Ele confirma que os valores das locações de espaços foram reajustados em 100% devido ao custo de manutenção da Casa. Em relação à transparência das contas da CCMQ, Fortes afirma que todos os documentos estariam à disposição do Sated/RS. Jornalista e produtor cultural com experiência na promoção de eventos de kerb e outras festas temáticas em Ivoti e ex-assessor na Assembleia Legislativa do então deputado estadual Alceu Moreira (PMDB) – que atualmente é deputado federal da bancada ruralista na Câmara –, Fortes assumiu a direção da instituição em fevereiro de 2015. Explica que a proposta da sua gestão é “abranger todas as linguagens”. “Essa gurizada mais nova acostumada com a ocupação dos espaços públicos também é uma manifestação cultural e queremos cada vez mais dialogar com eles”, resume.

Relações perigosas
Na noite de 7 de abril, o show cênico-musical Fernando em Pessoa, do músico Fernando Büergel, no Teatro Bruno Kiefer, foi interrompido por uma sobrecarga no sistema elétrico, para espanto dos 70 espectadores. Cercado de cuidados, já que o trabalho estava sendo gravado em DVD, o show só pôde ser reiniciado graças à intervenção de um integrante da banda, pois não havia um técnico na Casa. “Foi desconcertante”, define Büergel.

Relações perigosas

Foto: Igor Sperotto

Carvalho, “Seu Zé”, que atuou como iluminador cênico na CCMQ durante 25 anos

Foto: Igor Sperotto

A precariedade dos serviços devido ao corte de servidores de carreira e a falta de estrutura são recorrentes nos relatos de ex-funcionários. “Não há recursos, nem estrutura, o que transforma qualquer profissional qualificado em ‘gambiarreiro’”, sintetiza o técnico de informática José Mário Strattmann, 62 anos, afastado depois de dez anos na CCMQ. “Trabalhei na instituição por quase 25 anos, passei por oito diretores e fui afastado sem maiores explicações”, diz o iluminador cênico José Antônio Souza Carvalho, figura popular entre artistas e frequentadores da Casa.

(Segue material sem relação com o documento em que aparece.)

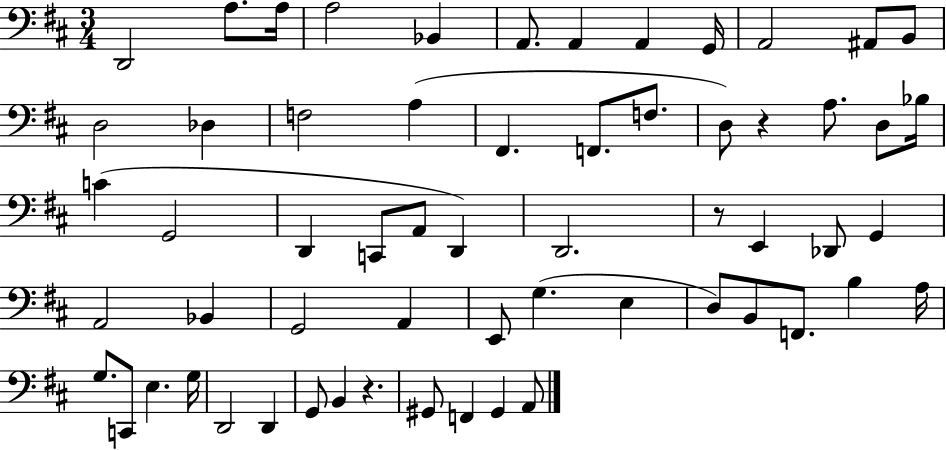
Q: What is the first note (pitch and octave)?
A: D2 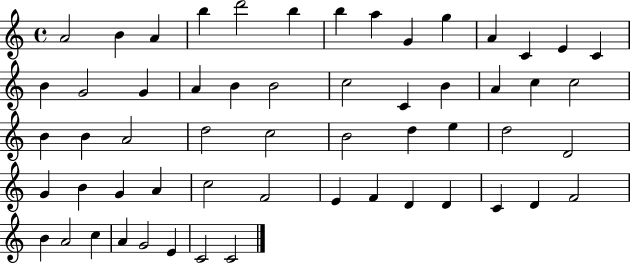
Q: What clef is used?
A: treble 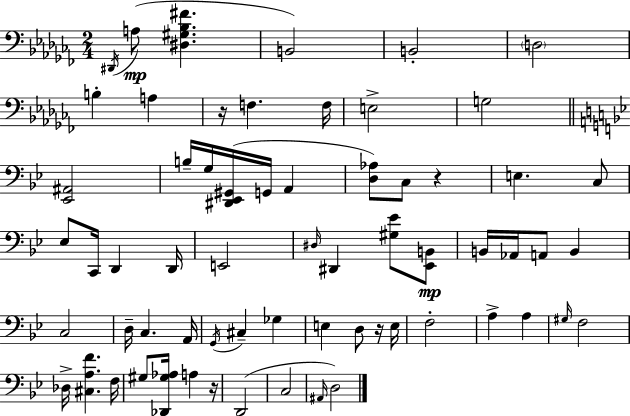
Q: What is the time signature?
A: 2/4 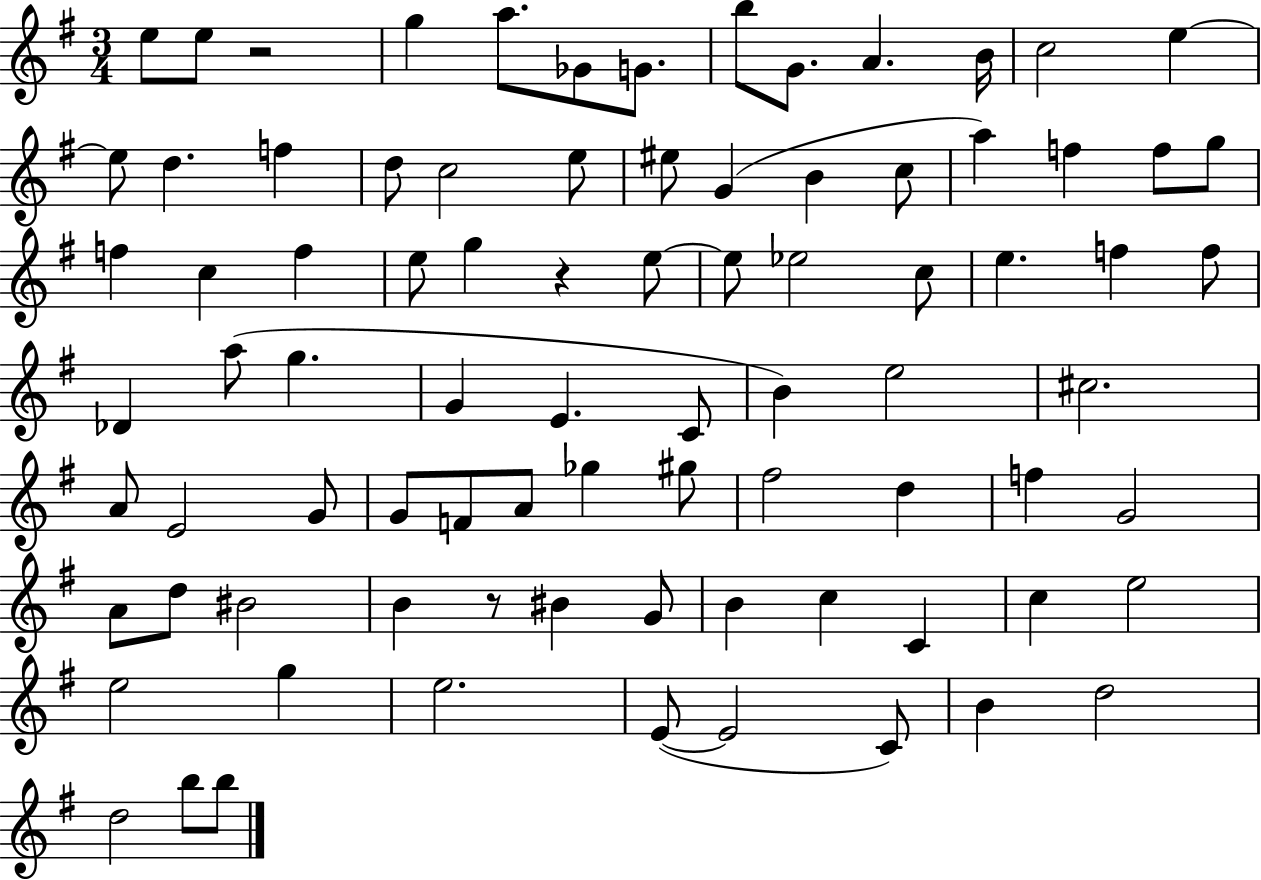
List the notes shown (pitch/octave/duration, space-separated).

E5/e E5/e R/h G5/q A5/e. Gb4/e G4/e. B5/e G4/e. A4/q. B4/s C5/h E5/q E5/e D5/q. F5/q D5/e C5/h E5/e EIS5/e G4/q B4/q C5/e A5/q F5/q F5/e G5/e F5/q C5/q F5/q E5/e G5/q R/q E5/e E5/e Eb5/h C5/e E5/q. F5/q F5/e Db4/q A5/e G5/q. G4/q E4/q. C4/e B4/q E5/h C#5/h. A4/e E4/h G4/e G4/e F4/e A4/e Gb5/q G#5/e F#5/h D5/q F5/q G4/h A4/e D5/e BIS4/h B4/q R/e BIS4/q G4/e B4/q C5/q C4/q C5/q E5/h E5/h G5/q E5/h. E4/e E4/h C4/e B4/q D5/h D5/h B5/e B5/e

A relação do técnico de som Francisco José Navarro Ferreira, o Kyco, com a instituição é questionada pela classe artística. Contratado no início do ano para atuar nos teatros, teve o contrato de R$ 4,5 mil mensais rejeitado pela Associação. O documento não foi assinado, mas Kyco continuou prestando os serviços. O técnico confirma que retirou equipamentos de som dos teatros para consertar e os substituiu por equipamentos próprios. Ele explica que esse “é um diferencial” que oferece aos clientes. “Não vamos manter esse tipo de contrato porque o valor é muito elevado e porque essa é uma função do Estado”, explica o presidente da AACCMQ, Eduardo Vital. A associação não tinha conhecimento da decisão de Emerson Fortes de nomear o ex-diretor do Museu de Comunicação Yuri Victorino da Silva, alvo de uma investigação da PGE.